* **SOURCE RECORDS**
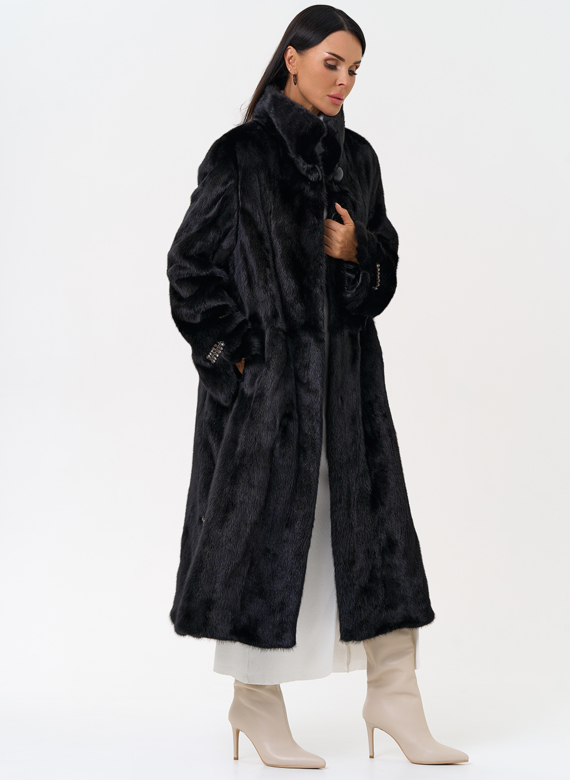 Длинная шуба с воротником стойкой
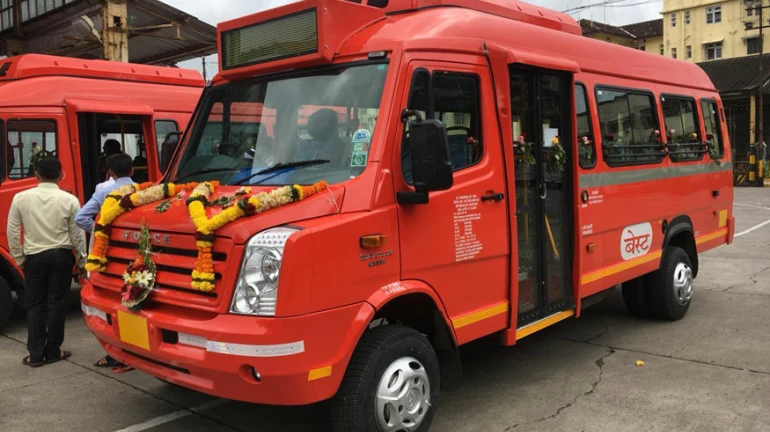 Shiv Sena Chief Uddhav Thackeray Unveils Mumbai's First Mini AC Bus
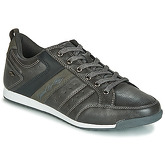 Umbro  FULLY  men's Shoes (Trainers) in Grey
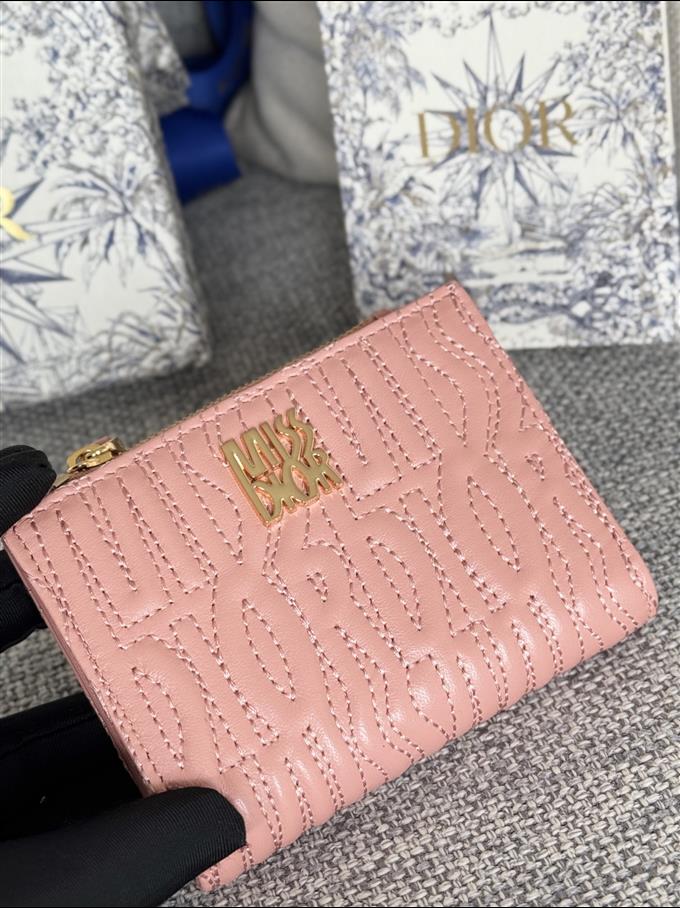 2025228Y290P182138160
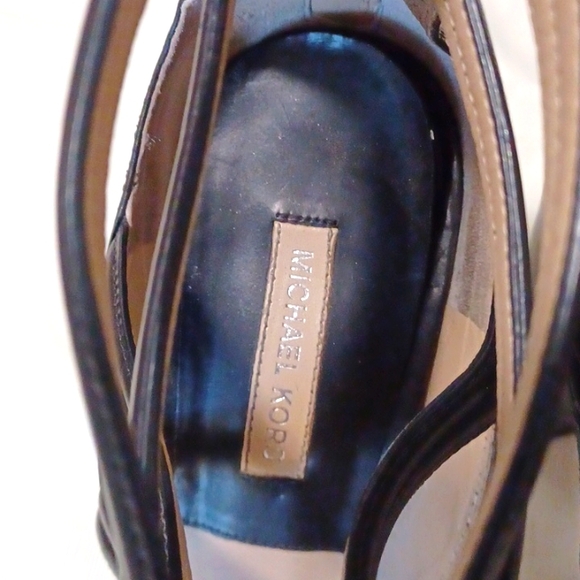 Michael Kors, Vero Cuoio, 4.5" heel ankle wrap, strappy heels. - Picture 5 of 6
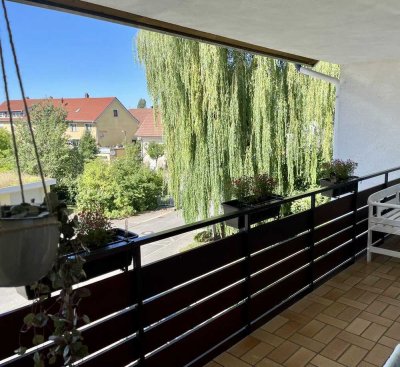 Großzügige 4-Zimmer-Wohnung mit 3 Balkonen und 2 Stellplätzen. Nur 3 Min zum See!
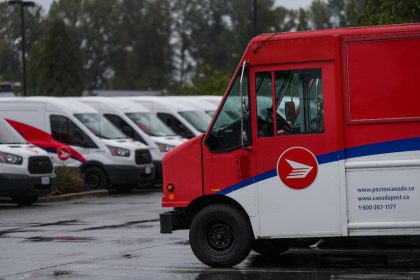 canada-post’s-new-offers-to-union-include-job-cuts-provisions,-no-signing-bonus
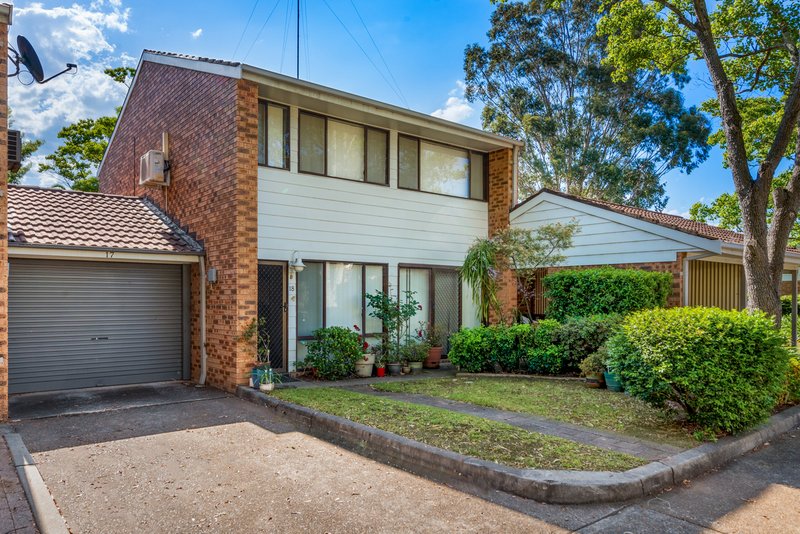 Photo - 18/9 Birmingham Road, South Penrith NSW 2750 - Image 2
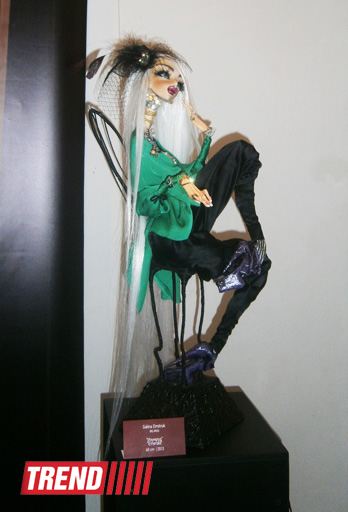 "Высокие каблуки" мастера из Беларуси на Бакинском биеннале кукол (ФОТО)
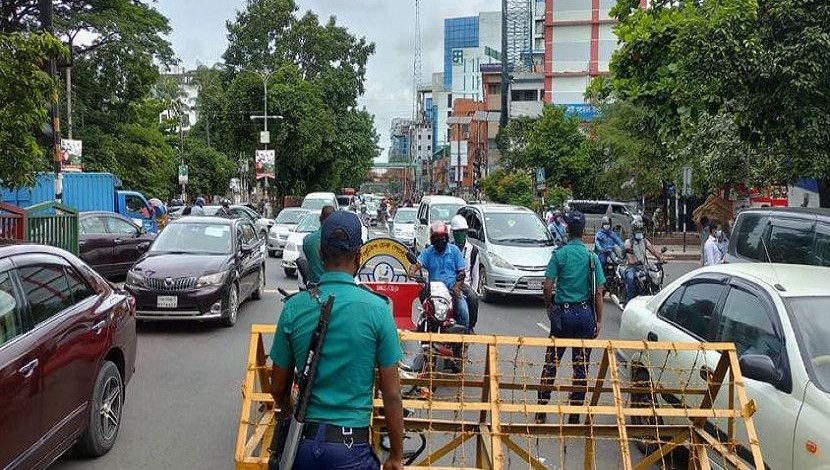 বিধিনিষেধের শেষ দিনে তৎপর পুলিশ। ছবি: সান নিউজ।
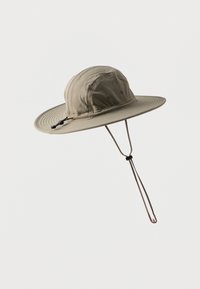 Μπεζ πλατύγυρο καπέλο εξωτερικού χώρου με ρυθμιζόμενο λουράκι στο πιγούνι και οπές αερισμού, σε απλό λευκό φόντο.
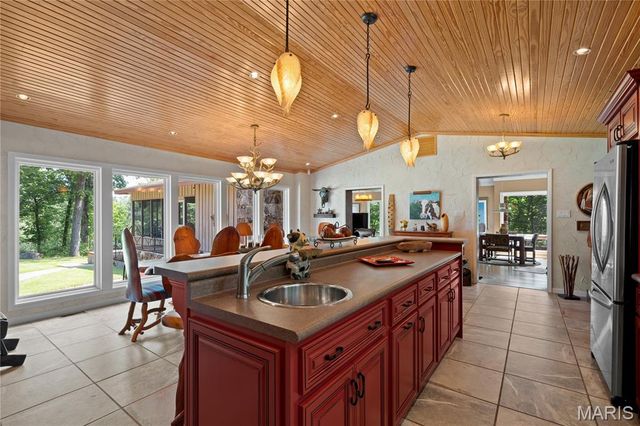 2402 Ripley Route A, Doniphan, MO 63935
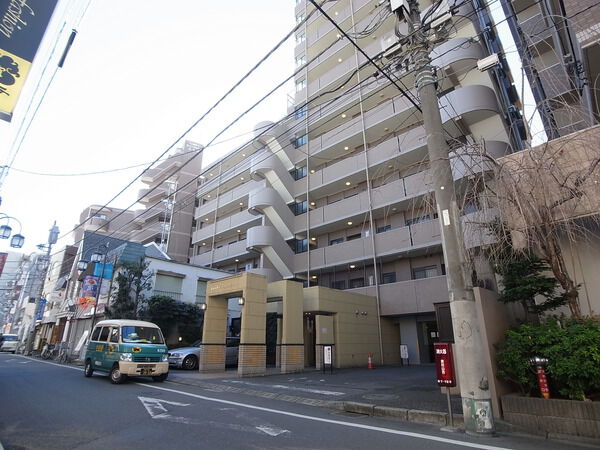 【ライオンズステーションプラザ久米川】外観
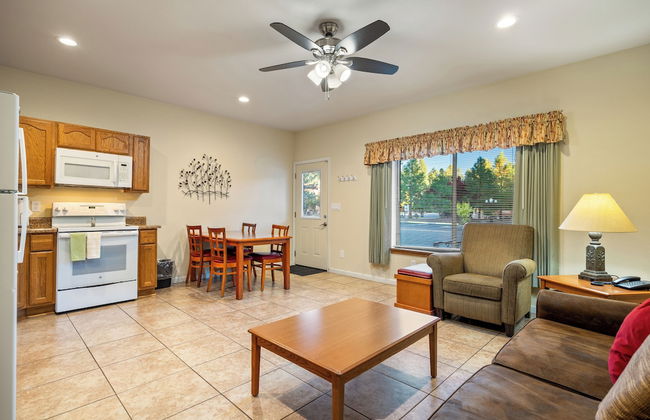 Roundhouse Resort - Photo 42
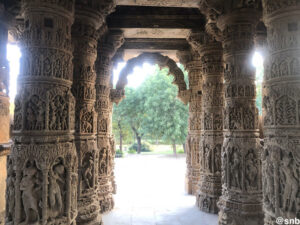 Carved pillars of Sabhamandapa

* **WHAT IS BEING ASKED**
Pictures do not belong in your copy; restate word for word the lines from the one containing "2402 Ripley Route A, Doniphan, MO 63935" through the last line of the records above.

* **RESPONSE TO THE EXERCISE**
 2402 Ripley Route A, Doniphan, MO 63935
 【ライオンズステーションプラザ久米川】外観
 Roundhouse Resort - Photo 42
 Carved pillars of Sabhamandapa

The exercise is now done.